» **DATA LISTING**

* * * * * * * * *

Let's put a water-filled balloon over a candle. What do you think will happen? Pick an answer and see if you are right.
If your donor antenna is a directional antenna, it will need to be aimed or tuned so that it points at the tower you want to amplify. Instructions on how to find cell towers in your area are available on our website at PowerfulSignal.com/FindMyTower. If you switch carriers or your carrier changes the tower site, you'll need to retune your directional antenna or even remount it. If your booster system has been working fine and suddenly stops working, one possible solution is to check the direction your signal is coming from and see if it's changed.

* * * * * * * * *

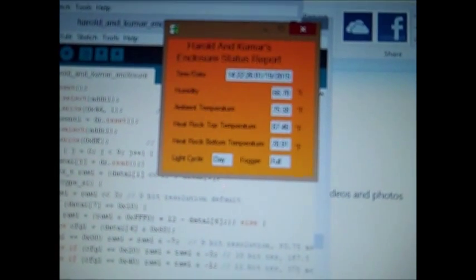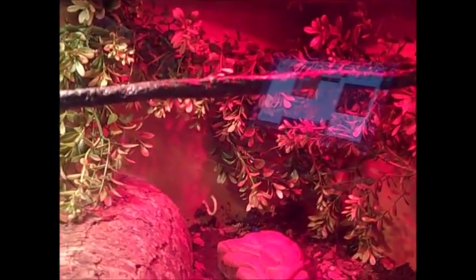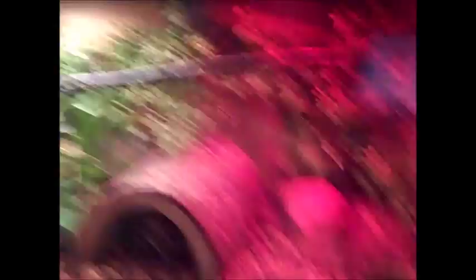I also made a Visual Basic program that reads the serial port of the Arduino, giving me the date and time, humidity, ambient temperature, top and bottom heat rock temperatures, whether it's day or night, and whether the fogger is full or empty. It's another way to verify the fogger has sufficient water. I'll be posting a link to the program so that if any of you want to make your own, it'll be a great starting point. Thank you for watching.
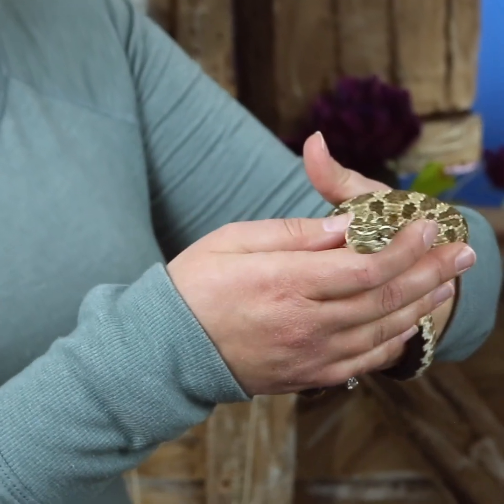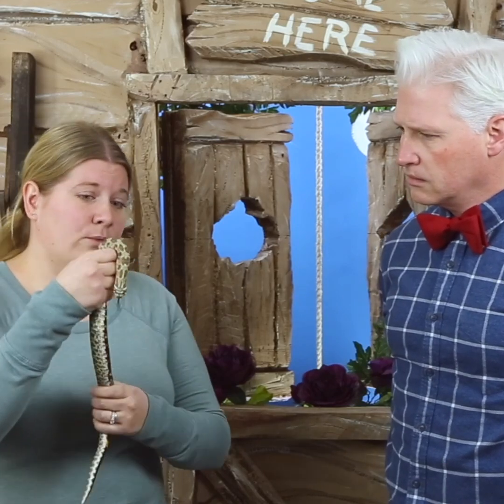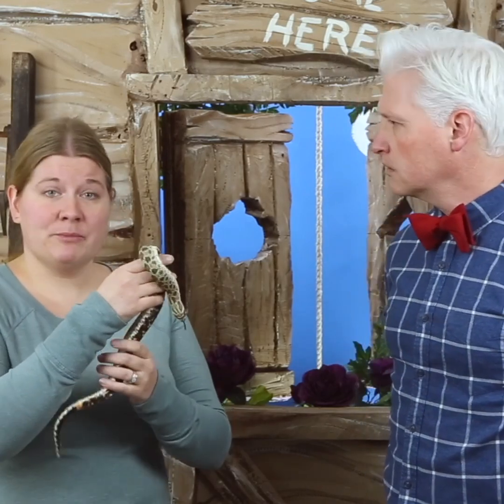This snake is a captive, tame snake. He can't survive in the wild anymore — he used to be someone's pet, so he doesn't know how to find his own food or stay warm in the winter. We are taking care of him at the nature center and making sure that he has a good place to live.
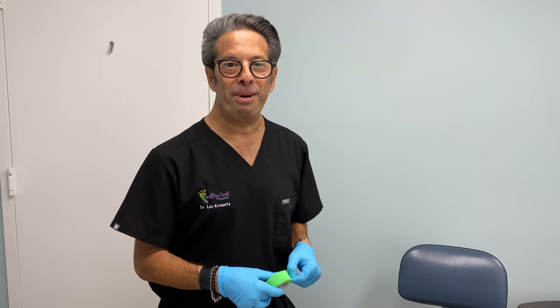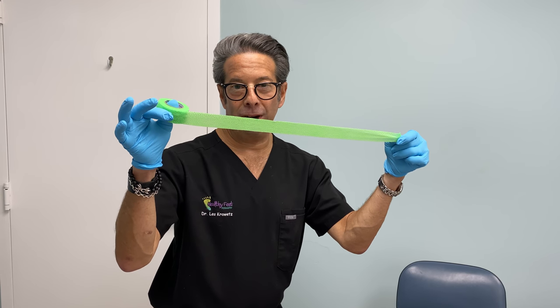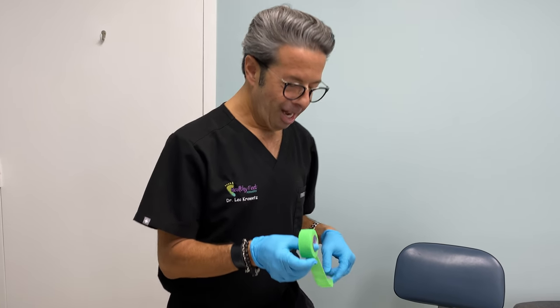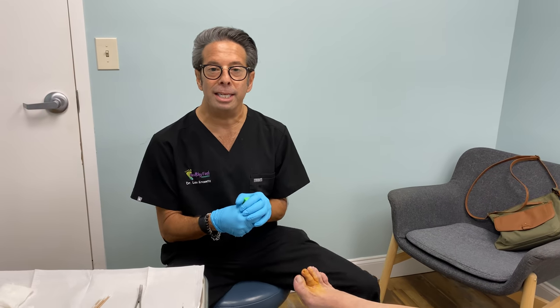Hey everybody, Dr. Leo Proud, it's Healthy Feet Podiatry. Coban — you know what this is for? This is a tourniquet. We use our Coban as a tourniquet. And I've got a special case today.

* * * * * * * * *

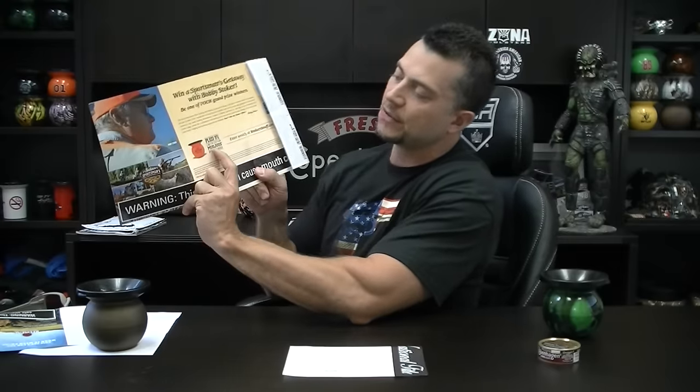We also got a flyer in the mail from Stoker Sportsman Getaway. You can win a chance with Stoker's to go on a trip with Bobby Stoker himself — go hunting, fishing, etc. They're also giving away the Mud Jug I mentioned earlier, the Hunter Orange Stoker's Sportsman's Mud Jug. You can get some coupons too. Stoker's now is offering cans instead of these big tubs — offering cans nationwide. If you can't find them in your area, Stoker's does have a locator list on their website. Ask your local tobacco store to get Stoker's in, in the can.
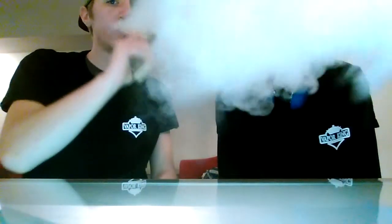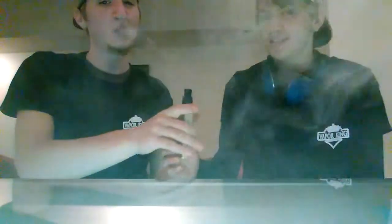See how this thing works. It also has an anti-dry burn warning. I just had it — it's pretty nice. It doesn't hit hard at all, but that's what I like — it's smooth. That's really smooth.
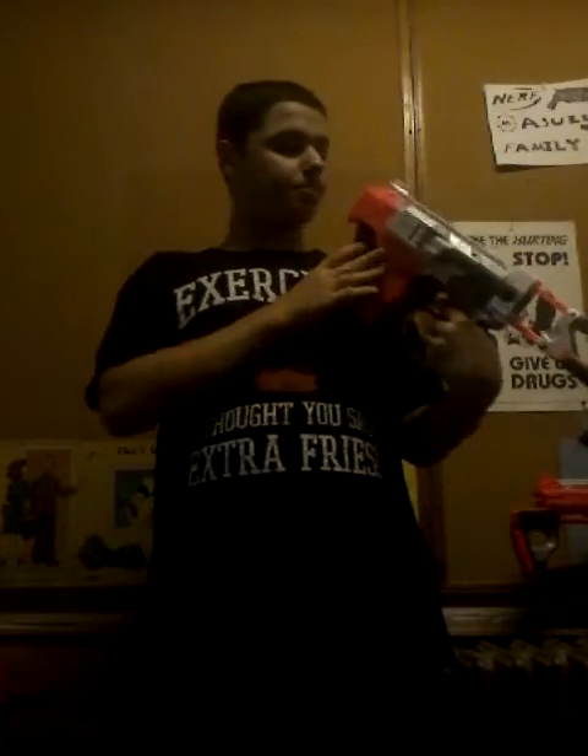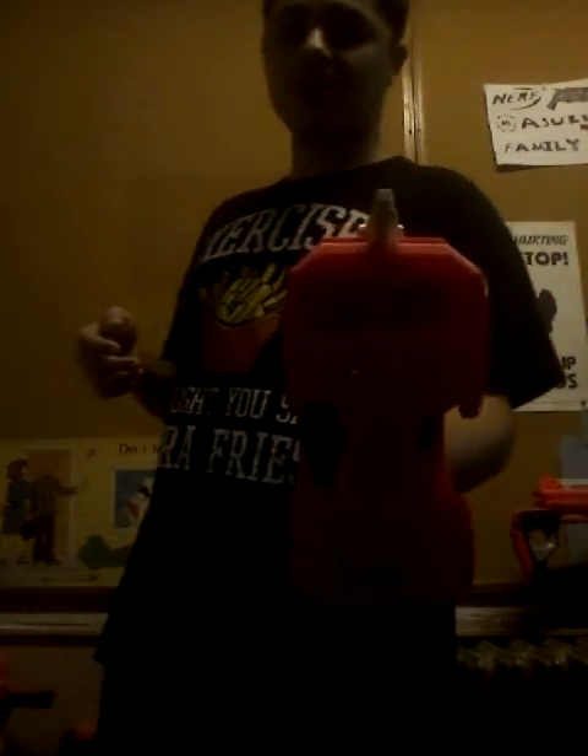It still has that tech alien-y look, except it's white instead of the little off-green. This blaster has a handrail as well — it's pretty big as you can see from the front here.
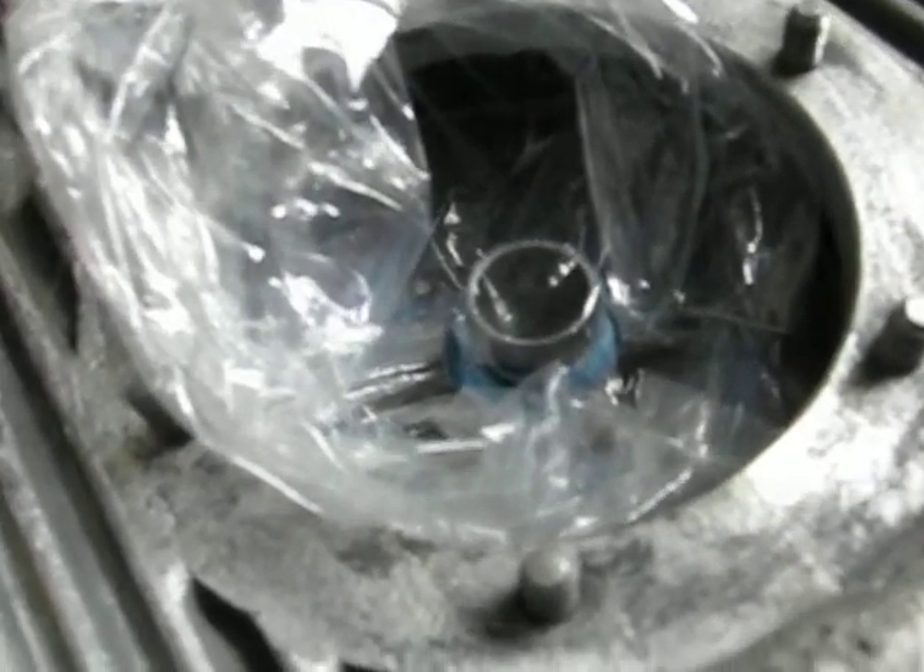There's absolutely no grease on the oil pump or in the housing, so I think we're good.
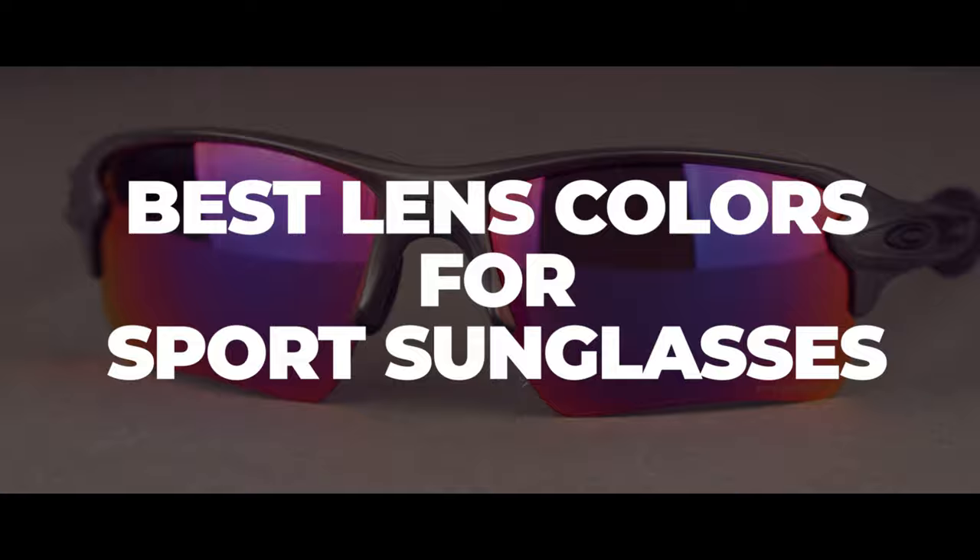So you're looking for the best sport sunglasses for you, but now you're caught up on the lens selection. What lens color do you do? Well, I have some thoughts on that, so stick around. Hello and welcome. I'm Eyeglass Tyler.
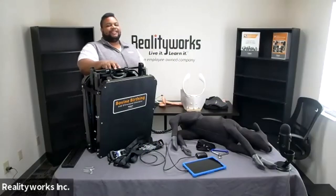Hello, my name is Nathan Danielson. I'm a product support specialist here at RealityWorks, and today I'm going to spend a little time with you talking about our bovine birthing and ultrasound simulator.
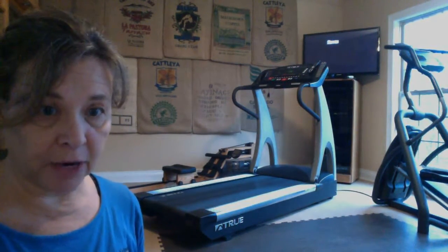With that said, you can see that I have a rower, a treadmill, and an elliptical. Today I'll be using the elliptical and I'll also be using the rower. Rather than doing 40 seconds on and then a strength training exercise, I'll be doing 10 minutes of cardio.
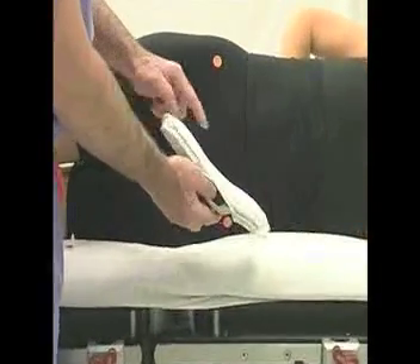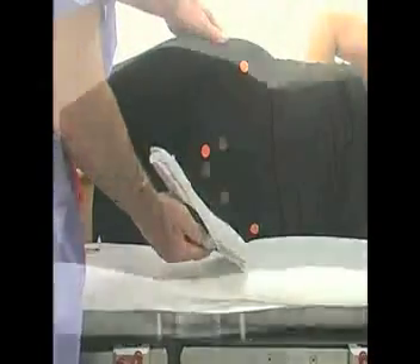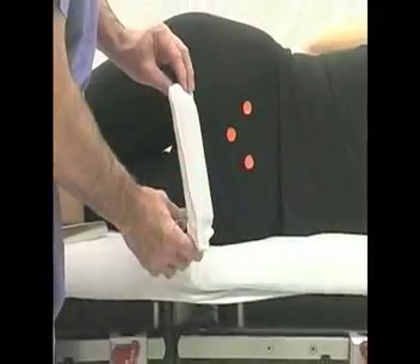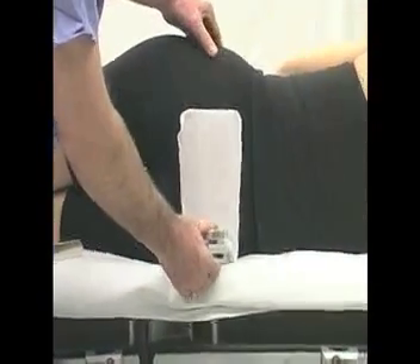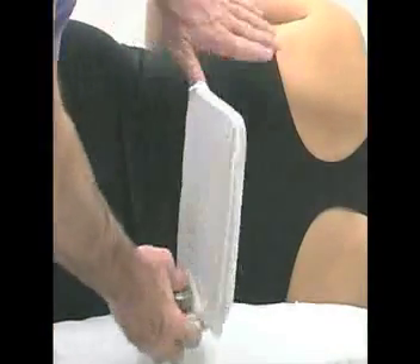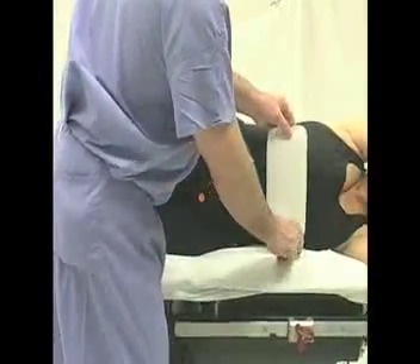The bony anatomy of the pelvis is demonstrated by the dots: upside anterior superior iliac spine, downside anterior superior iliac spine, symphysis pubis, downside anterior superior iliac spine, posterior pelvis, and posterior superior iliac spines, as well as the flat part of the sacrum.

* * * * * * * * *

» **TASK OBJECTIVE**
Please give only the number of lines in the listing that hold the word "will".

» **EXPECTED ANSWER**
2